Le 11 avril dernier, l’Union Européenne au Mali a décidé de suspendre certaines missions d’entraînements menées depuis 2015 par l’EUTM au profit de Forces armées et de sécurité maliennes. Dans cette interview, son Ambassadeur au Mali, M. Bart Ouvry, nous donne plus d’éclaircissements.    

 

L’UE a annoncé lundi 11 avril l’arrêt de ses formations militaires au profit des FAMa, qu’est ce qui a motivé cette décision ? 

 

Il est important de bien situer la décision. On a annoncé la décision de ne plus continuer certaines formations. Nous allons par exemple continuer à entraîner les entraîneurs. C’est d’ailleurs une demande des FAMa. Nous allons continuer plusieurs activités avec les FAMa, avec la garde nationale, la gendarmerie et la police. Donc je crois qu’il faut nuancer. C’est un signal politique par rapport à la présence d’éléments russes au centre du pays. Dès le début, nous avons été clairs que la coopération avec ses éléments russes est pour nous quelque chose de très délicat.  La décision est principalement motivée par cela. Mais, il est très important de clairement dire que nous sommes très décidés à rester aux côtés des Maliens. Nous voulons montrer notre solidarité parce que la relation entre l’UE et le Mali est une relation qui remonte à très longtemps. C’est une relation où nous voulons surtout être à l’appui de la stabilisation du pays. Ainsi donc, nous maintenons l’essentiel de nos activités en appui des Maliens et en appui au développement et à la stabilisation du pays.

 

EUCAP Sahel est-il aussi concerné par cette décision ?

 

Certaines activités de l’EUCAP Sahel qui sont au profit des FAMa ne seront plus possibles mais beaucoup d’autres activités le resteront. Par exemple, tout ce qui est l’appui à ce qu’on appelle la prévôté à la capacité des gendarmes, des gardes pour enquêter sur le terrain est maintenu ainsi que beaucoup d’autres appuis. D’ailleurs dans les jours à venir, nous allons discuter avec nos homologues du Ministère de la sécurité ; du Ministère de la défense et celui de l’Administration territoriale pour bien fixer le programme dans le but d’augmenter les capacités des forces de sécurité. Parce que nous ne voulons pas nous substituer aux Maliens et aux forces de sécurité. Notre volonté est d’augmenter les capacités des forces de sécurité à aller sur le terrain et de le faire dans le respect de l’État de droit. C’est important et c’est quelque chose qu’il faut établir comme une règle. Les bavures, c’est quelque chose qu’on ne peut jamais exclure totalement.
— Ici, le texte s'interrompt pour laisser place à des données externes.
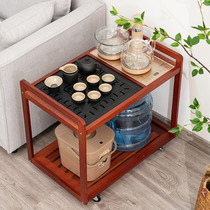 Solid Wood tea table mobile small tea table living room sofa side several home balcony short tea car tea set tea tray tea table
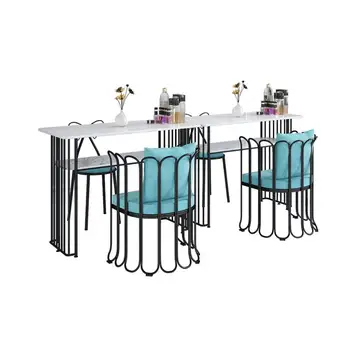 Manichiura masă și scaun set masa de marmură de frumusete de top singur dublu manichiura de masă simplu și modern, fier de masă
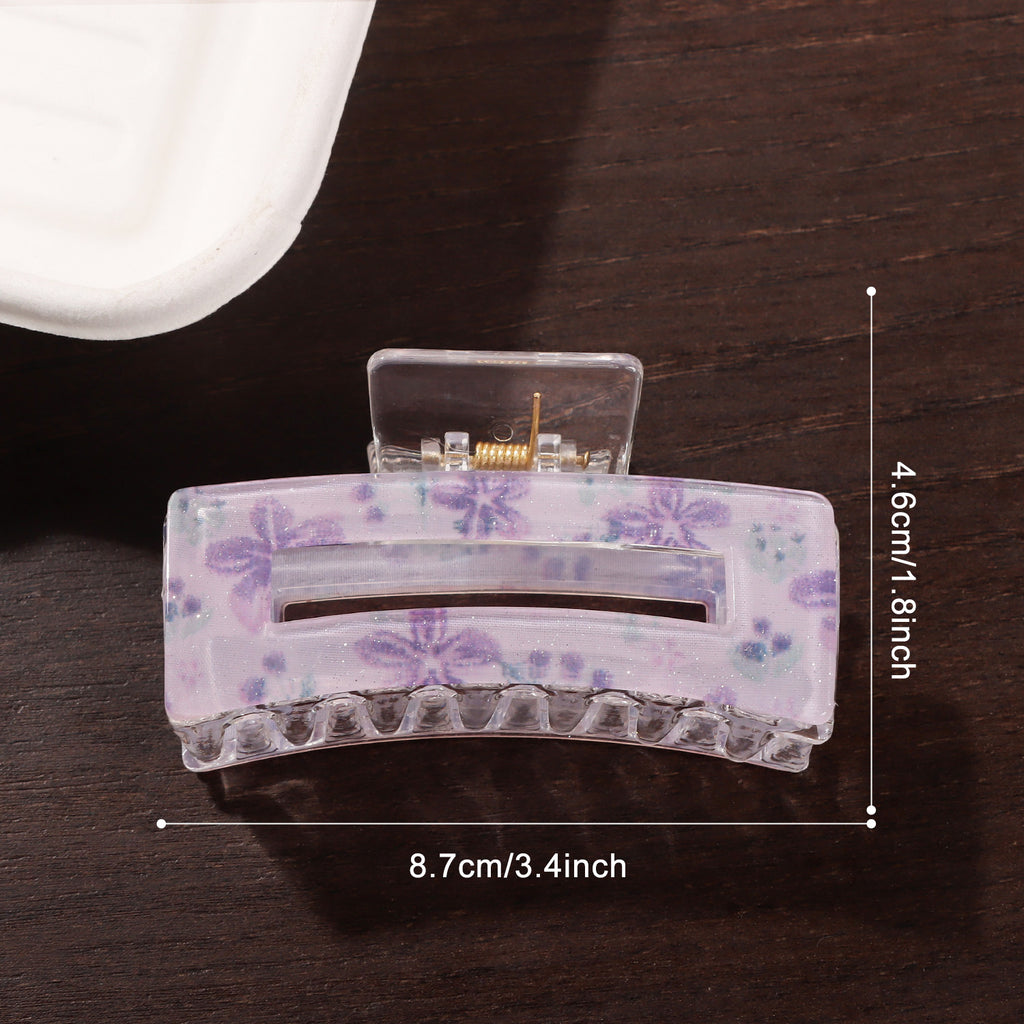 Pressed Floral Rectangle Hair Claw Clip - Purple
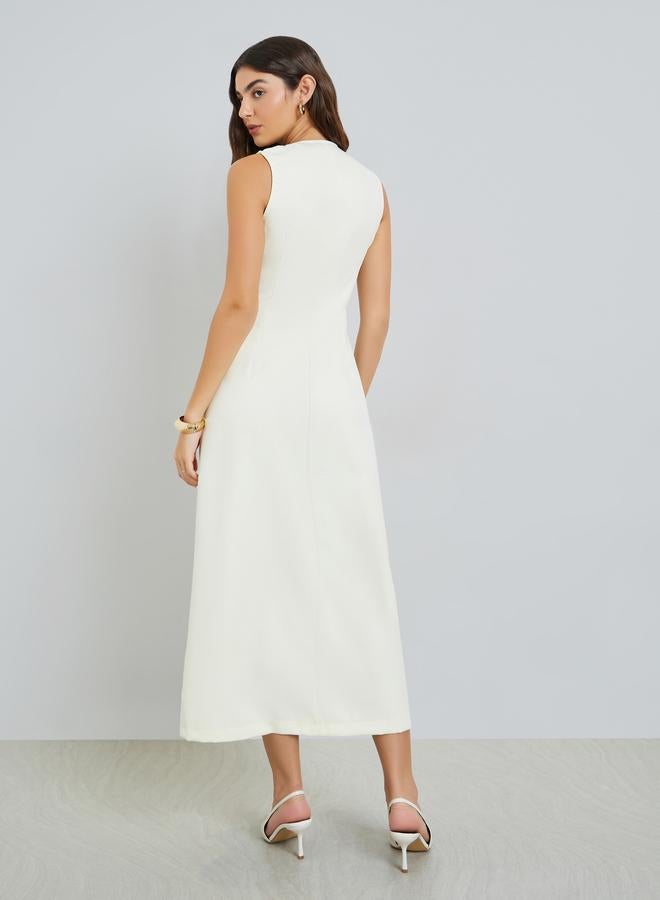 Styli Cream Sleeveless Maxi Dress with Button Detail - Image 5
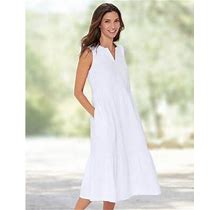 Appleseeds Women's Nantucket Cotton Tiered Dress - White - PS - Petite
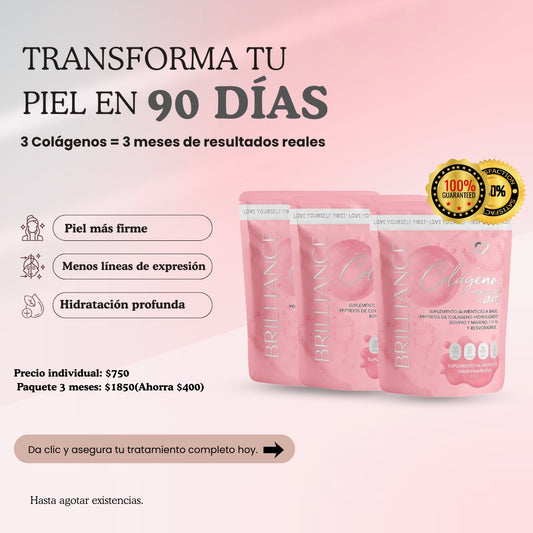 🩷 Paquete 3 Meses de Colágeno Brillance – Resultados Reales en 90 Días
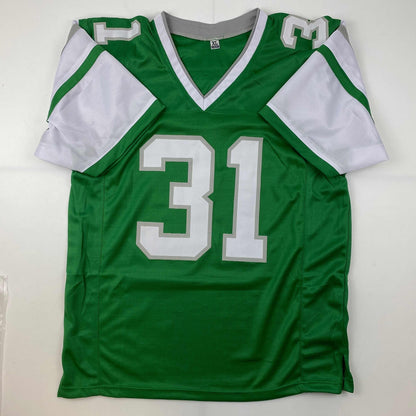 Autographed/Signed Wilbert Montgomery Philadelphia Green Football Jersey JSA COA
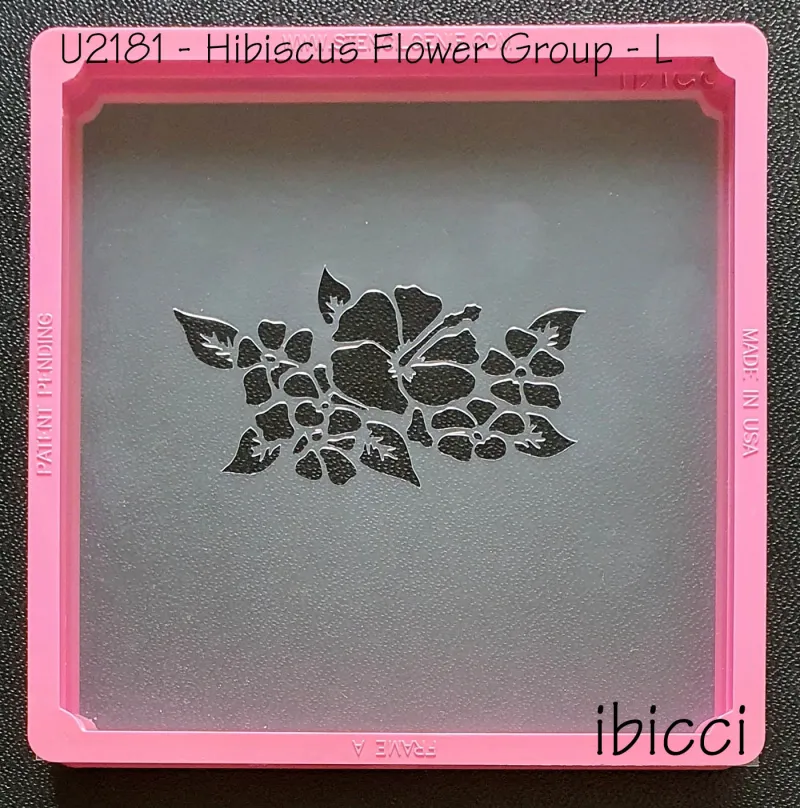 ibicci Hibiscus Small Flower Cookie stencil U2181 Left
Mais quand il y a des bavures, il faut établir des enquêtes et surtout nous demandons aux autorités de permettre à la MINUSMA de mener des enquêtes comme inclus dans leur mandat. C’est la manière la plus claire possible de nous rassurer que les actions des forces de sécurité se font dans le respect des règles de l’état de droit.

 

Quelles sont concrètement les actions de l’EUTM et de l’ EUCAP qui seront suspendues ?

 

Ce sont des entraînements avec des compagnies constituées des FAMa et des gardes qui, après, risquent de se retrouver sur le terrain avec des éléments russes. C’est quelque chose qui, pour nous, pose problème. Et c’est ce que nos autorités à Bruxelles ont décidé avec nos états-membres de ne plus faire.

 

L’UE a tout de même annoncé rester engagé dans le Sahel, n’est-ce pas antinomique, sachant que la stabilité de la région est liée à celle du Mali ?

 

Notre volonté est d’assurer la stabilité de toute la région. Ça n’inclut pas seulement le Sahel, c’est aussi tous les pays côtiers. Nous savons qu’aujourd’hui, les groupes armés ont tendance à aller partout au Sahel et particulièrement aussi les pays côtiers. Notre stratégie pour le Sahel reste d’actualité et le Mali en fait partie aussi. Je tiens encore à souligner que nous voulons rester présent également au Mali parce que ça n’a aucun sens d’avoir une activité de stabilisation dans un pays voisin et de ne pas être présent dans ce pays. Pour nous, on ne peut pas circonscrire les problèmes à un seul pays d’où notre volonté d’être actif dans toute la région.

 

Les pays occidentaux parlent de la présence de Wagner sur le terrain et l’UE justifie l’arrêt de sa formation en partie à cause de cela, toutefois les autorités maliennes ne cessent de clamer une coopération avec la Russie, y’a-t-il au-delà des articles ou déclarations, à votre niveau des preuves matérielles qui confirment la présence de ces paramilitaires sur le sol malien ?

 

De mon côté je parle d’éléments russes. Est-ce que ce sont ces éléments qui sont sous le commandement des autorités russes directement ou est-ce que c’est une société privée, je crois que ce n’est pas l’essentiel de la discussion. Il faut savoir qu’aujourd’hui, la Russie mène une agression contre l’Ukraine qui est un pays très proche et ami de l’UE. Dès le début nous avons été très claire que faire appel à la Russie pour des activités sur le terrain posait problème de notre point de vue. La décision qui a été prise lundi est dans la logique de ces messages que nous passons depuis plusieurs mois à notre partenaire malien.

 

Les autorités maliennes disent très souvent payer leur choix politique, notamment le fait de se tourner vers la Russie, est-il possible de dire que le Mali paie aussi pour la guerre en Ukraine, au vu de l’enchaînement des évènements jusqu’à l’annonce de l’arrêt ? 

 

Depuis longtemps le Mali a des relations de coopération militaire avec la Russie. Notamment dans la livraison de matériels militaires. C’est quand même autre chose que de faire appel à des éléments russes qui en accompagnement des forces maliennes, selon plusieurs rapports, sont accusés d’exactions. C’est là-dessus que nous voudrions avoir des clarifications. La décision qui a été prise à Bruxelles est réversible. Il faut qu’on arrive à clarifier ce qui a été fait à Moura et à d’autres endroits où, selon les rapports, il y aurait eu des exactions. Nous voudrions que la MINUSMA soit en position de clarifier la situation. C’est pourquoi la décision qu’on a prise est une suspension et non un arrêt de nos activités.

 

Après 9 ans de présence de l’EUTM au Mali, quel bilan faites-vous de leurs opérations ?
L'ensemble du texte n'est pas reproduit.